His dream was to become a shortstop for his hometown Pittsburgh Pirates. Instead he became a classically trained ballet dancer, and studied modern dance with Martha Graham and Doris Humphrey. A trained acrobat and gymnast, he could even walk a tightrope

He fell in love with in jazz, and also enjoyed American composers such as Cole Porter and Irving Berlin's music to dance to. After the crash of 1929 he began to choreograph dance to win prize money for his family.

Eventually he landed in New York.

Searching for work as a choreographer eventually led him to a minor role in a Cole Porter play, then onto his breakthrough role in, “The Time Of Your Life,” and finally Broadway stardom as the lead in “Pal Joey.”

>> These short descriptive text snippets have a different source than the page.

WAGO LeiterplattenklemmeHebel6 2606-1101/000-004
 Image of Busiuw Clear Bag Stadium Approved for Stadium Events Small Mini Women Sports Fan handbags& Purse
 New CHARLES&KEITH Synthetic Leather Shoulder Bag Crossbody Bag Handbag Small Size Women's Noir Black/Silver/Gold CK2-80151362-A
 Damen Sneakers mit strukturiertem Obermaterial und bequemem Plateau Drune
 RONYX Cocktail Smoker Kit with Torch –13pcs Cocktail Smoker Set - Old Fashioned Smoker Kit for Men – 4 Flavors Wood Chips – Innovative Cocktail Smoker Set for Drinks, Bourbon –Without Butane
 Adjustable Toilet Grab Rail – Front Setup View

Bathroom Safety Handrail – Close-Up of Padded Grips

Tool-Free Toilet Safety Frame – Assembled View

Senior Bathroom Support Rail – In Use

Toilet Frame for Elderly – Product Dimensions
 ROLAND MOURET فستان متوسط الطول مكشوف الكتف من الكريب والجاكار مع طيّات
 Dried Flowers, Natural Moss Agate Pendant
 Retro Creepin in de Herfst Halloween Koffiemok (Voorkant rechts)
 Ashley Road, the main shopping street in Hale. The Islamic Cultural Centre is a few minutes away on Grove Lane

But Hollywood kept calling, and he answered the call with his screen debut in, "For Me and My Gal" opposite Judy Garland. Soon after, he appeared in his breakthrough role as a dancer on film in “Cover Girl”, co-starring Rita Hayworth, where he created an innovative routine dancing against his shadow at a time, as Mrs. Kelly points out, when there were no computers to edit the scene.

That’s when he decided to challenge himself to change the way dance looked on film because it was, as his wife said, two-dimensional. He illustrated the best of dance by choreographing dancers to move towards the camera, using light and color to add a third dimension, and insisting that dancers’ full figures be filmed instead of close-ups of arms or feet.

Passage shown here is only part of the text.